Step 2: Set the scheme S = {S₁, S₂, …, S_n) and each scheme evaluation index R = {r₁, r₂, …, r_m}. The evaluation index r_ij represents the j evaluation index of the i scheme, where i∈[1, n], j∈[1, m]. The initial judgment matrix can be expressed as:

$$\mathrm{S}=\left(\begin{array}{cccc}{\mathrm{r}}_{11}& {\mathrm{r}}_{12}& \cdots & {\mathrm{r}}_{1\mathrm{m}}\\ {\mathrm{r}}_{21}& {\mathrm{r}}_{22}& \cdots & {\mathrm{r}}_{2\mathrm{m}}\\ ⋮& ⋮& \ddots & ⋮\\ {\mathrm{r}}_{\mathrm{n}1}& {\mathrm{r}}_{\mathrm{n}2}& \cdots & {\mathrm{r}}_{\mathrm{nm}}\end{array}\right)$$

(2)

Step 3: The initial judgment matrix S = (r_ij)_{n × m} is normalized to get the matrix Z = (z_ij)_{n × m}, where the elements are:

$$z_{ij}={\mathrm{r}}_{ij}/\sqrt{{\displaystyle \sum _{i=1}^n{\mathrm{r}}_{ij}^2}}$$

(3)

Step 4: By multiplying the column vectors of the matrix and the weights of evaluation indicators determined by AHP method, the weighted standardized decision matrix B = (b_ij)_{n × m} can be obtained, where the elements are:

$$b_{ij}={\omega }_i{z}_{ij}$$

(4)

Step 5: The positive and negative ideal solutions are obtained. That is, the optimal value and the worst value of each index constitute the positive ideal solution B⁺ and the negative ideal solution B⁻:

$$B^{+}=(b_1^{+},b_2^{+},\cdots ,b_m^{+})$$

(5)

$$B^{-}=(b_1^{-},b_2^{-},\cdots ,b_m^{-})$$

(6)

$$\begin{array}{cc}\hfill b_j^{+}=\max & (b_{1j},b_{2j},\cdots ,b_{nj})\hfill \\ \hfill j=& 1,2,\cdots ,m\hfill \end{array}$$

(7)

$$\begin{array}{cc}\hfill b_j^{-}=\min & (b_{1j},b_{2j},\cdots ,b_{nj})\hfill \\ \hfill j=& 1,2,\cdots ,m\hfill \end{array}$$

(8)

Step 6: Calculate the n-dimensional Euclidean distance Q_i⁺ and Q_j⁺ of each design scheme from B⁺ and B⁻ using the following equations:

$$Q_i^{+}=\sqrt[\frac{1}{2}]{{\displaystyle \sum _{j=1}^m{(b_{ij}-b_j^{+})}^2}}$$

(9)

$$Q_i^{-}=\sqrt[\frac{1}{2}]{{\displaystyle \sum _{j=1}^m{(b_{ij}-b_j^{-})}^2}}$$

(10)

Step 7: Calculate the relative proximity of each design scheme to the ideal solution D_i:

$$D_i=Q_i^{-}/(Q_i^{+}+Q_i^{-})$$

(11)

Step 8: Sort each design scheme according to the size order of D_i, and select the first n₁ schemes for the designer to choose.

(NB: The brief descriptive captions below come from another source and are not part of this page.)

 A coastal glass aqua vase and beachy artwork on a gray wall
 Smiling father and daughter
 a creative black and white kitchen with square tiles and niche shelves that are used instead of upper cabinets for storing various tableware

3.3. Optimization of Component Supplier Combination Based on Learning-to-Rank

The list of solutions generated based on AHP-TOPSIS did not reflect the designer’s preference for the component supplier combination. In order to solve this problem, a component supplier combination recommendation algorithm based on user behavior feedback was proposed to further optimize the recommendation list.

3.3.1. Problem Statement

Our problem can be formalized as follows: Given a set of product suppliers and serial numbers S = {S₁, S₂, …, S_n} describing these products’ attributes’ combination based on the designer’s preference, our goal was to induce a function f that scored design schemes in S according to the degree to which they satisfy the specific requirements of a designer, given as an n-tuple (s₁, s₂, …, s_n)

3.3.2. Formulation as a Learning-to-Rank Problem

Learning-to-rank [37] method uses machine learning method in an information retrieval problem to automatically learn the final sorting function for retrieval based on feature set. The classic learning-to-rank framework is shown in Figure 3.

In this framework, first extract the characteristics of the document to get eigenvector x_j⁽ⁱ⁾. The eigenvector and annotation constitute a training example of the document pair (x_j⁽ⁱ⁾, y⁽ⁱ⁾). Then, choose the appropriate ranking algorithm to learn and get the ranking model h. Finally, a new query q (test data) outputs the relevance score of the query and the documents to be sorted according to the ranking model h and then outputs according to the score. Its formal description is as follows:

Suppose the eigenvector space of the ranking object is X = {x₁,x₂,…,x_m} ⊆ Rⁿ, where n is the dimension of the eigenvector x_i and m is the number of samples in the training data set. Each eigenvector corresponds to a label y_i ∈ Y and dimspace Y = {y₁,y₂,…,y_m}. Y consists of discrete variables and there is an order relationship between them. The purpose of learning-to-rank is to find an optimal rank function f* from the solution space F = {f : Rⁿ →Y} to minimize the risk function, R(f) = ∫_{X × Y}^l(x, y, f(x))dp(x, y). Then, rank function f* for all of the output Y′ of the training data sample (X, Y) maximum close to mark Y.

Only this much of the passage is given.